Op de tweede dag van ons verblijf in Amman, was het de verjaardag van Freek. We hadden de avond ervoor zodanig slecht gegeten dat niemand het nog zag zitten om in groep te gaan. Maar alleen gaan eten was het andere uiterste, en toch zeker niet op iemands verjaardag. Sarah, Anneke en ik hebben ons met plezier opgeofferd om samen met Freek een leuk restaurantje te zoeken. Het mocht al eens wat deftiger en duurder zijn voor de gelegenheid. Zo kwamen we terecht in het chicste hotel van de stad waar keuze was tussen zes verschillende soorten restaurants. Voor Anneke en Freek bleef het gelijk, maar Sarah en ik hadden zin in Japans.
Laat ons zeggen dat het behoorlijk lekker was, maar dat de vrouwelijke tepanyaki-kok, een ingestudeerd lesje bracht dat bestond uit de ene flauwe mop na de andere.
Nadien nog enkele drankjes in de bar, en al bij al was het een geslaagde avond. Zo geslaagd zelfs dat ik de volgende morgen mijn wekker niet gehoord had (om half zeven) en pas wakker werd om acht uur, toen we eigenlijk al op de bus moesten stappen. Om 8u11 kon ook ik instappen
Amman is in mijn ogen niet echt de leukste stad van het Midden-Oosten, er is echt niet veel te zien, en bovendien zaten we een aantal kilometer uit het centrum waardoor het sowieso onmogelijk werd om vlug eventjes in de stad te gaan wandelen. s Avonds deden we een poging om met de groep te gaan dineren. Voor velen was dat echter alles behalve wat ze ervan hadden gedacht. Door een gebrek aan goede afspraken, was het om te beginnen al erg moeilijk om de groep weer te herenigen na de taxirit omdat we op verschillende plaatsen waren afgezet. Nadat dit euvel was verholpen zijn we op zoek gegaan naar een geschikt restaurant. Luc stelde een restaurantje voor met de naam Jerusalem, maar toen we daar toekwamen viel dat niet zo in de smaak bij een aantal van ons. Na veel gepalaver zijn we uiteindelijk daar toch gaan eten. Luc had gelijk, het was extreem . goedkoop.Want dat hadden we al gemerkt: Luc probeerde alles zo goedkoop mogelijk te houden en was er fier op als hij s middags maar een halve euro had uitgegeven voor een middagmaal. De rest van de groep bestond hoofdzakelijk uit Bourgondiërs die niet keken naar de centjes, als het maar lekker en gezellig was. Kan niet klikken als je het zo hoort
Toen we vanuit Syrië naar Jordanië gingen, stapte er een man op onze bus net voor de grensovergang. Hij vroeg in het Spaans of alle vrouwen wilden meekomen voor de controle. Omdat de meeste van ons geen Spaans verstaan, kreeg die man alleen maar verbaasde gezichten te zien. Hij vroeg daarop (ook in het Spaans) of er soms geen vrouwen op de bus waren (natuurlijk reageerden we ook niet) maar net op dat moment kwam er een andere man op de bus gestapt die dezelfde vraag in het Engels stelde. De eerste man had op de volgende bus moeten stappen waarop Venezolaanse toeristen zaten. Die tweede man was Khaled, een officiële gids, aangesteld door de Jordaanse overheid, die de komende week samen met ons zou doorbrengen. In Jordanië is het verplicht voor alle groepen om met een officiële gids te reizen. Dit veroorzaakt een echt Big-Brother gevoel. De taak van Luc werd op dat moment tot een mimimum beperkt waar hij zich hoogst waarschijnlijk een beetje aan ergerde.

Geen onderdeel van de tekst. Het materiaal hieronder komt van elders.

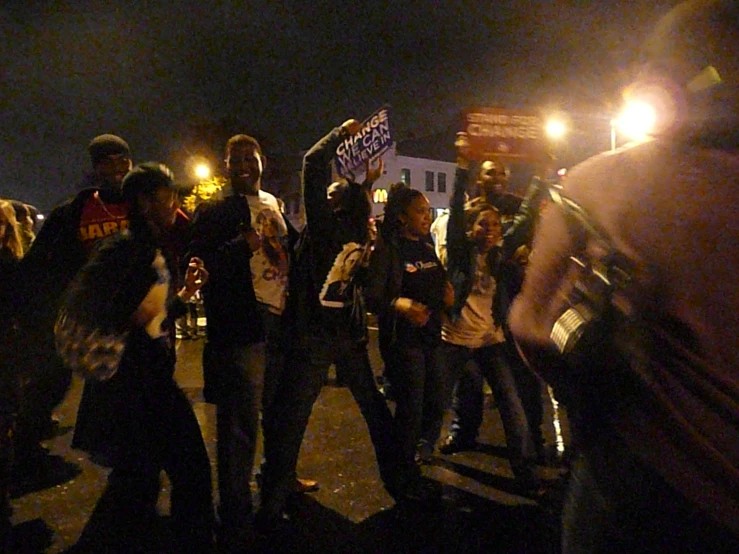 group of protesters in street at night with one person in the background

Een eigen gids geeft als voordeel dat je altijd extra informatie kunt vragen i.v.m. het land. Zo bleek bijvoorbeeld dat de man zelf een Palestijn was en kregen we ook daarover eens de andere kant van de feiten te horen.
Maar het nadeel is dat we op de meeste sites dubbel moet betalen: zo betaal je in Petra voor Khaled, maar tegelijkertijd ook voor een fictieve gids die je sowieso moet betalen als je in groep de stad bezoekt, maar die je dan niet te zien krijgt omdat de andere gids erbij is. Bovendien ben je verplicht in Petra om als groep te betalen voor de paarden die je een korte afstand willen vervoeren, ook al maak je er geen gebruik van.
Jordanië weet dat de toeristen geld hebben en ze hebben geen scrupules om het je afhandig te maken
De allereerste dag van de reis waren we geland in Damascus. Toen was het enkel een tussenstop op weg naar Libanon. Toch beleefden we daar toen al ons eerste avontuur: Sarah en ik wouden al een stukje van de stad verkennen en kwamen daarbij terecht op een kunst - en ambachtsmarktje. We gingen al vlug winkeltje in en winkeltje uit en het viel ons op dat ze daar met een cameraploeg opnames aan het maken waren. Maar na een tijdje viel het ons ook op dat de cameras ons aan het volgen waren (niet verwonderlijk gezien vooral Sarah haar looks J). Uiteindelijk kwam het erop neer dat ze ons zelfs kwamen vragen om mee te doen in hun filmpje ter promotie van de kunstnijverheid in Damascus. We konden niet weigeren en moesten in het Engels verklaren hoezeer we in de wolken waren over de kleine unieke winkeltjes en de leuke geweven stofjes. Enkele weken later zou het uitgezonden worden op de nationale televisie
Halverwege de reis verbleven we nog eens drie nachten in Damascus. Het leek me wel lang omdat we er ook volledig vrij waren en met de groep niets hadden afgesproken. Enkel op vrijdag zouden we proberen met een minibusje naar een christelijk bedevaartsoord te gaan.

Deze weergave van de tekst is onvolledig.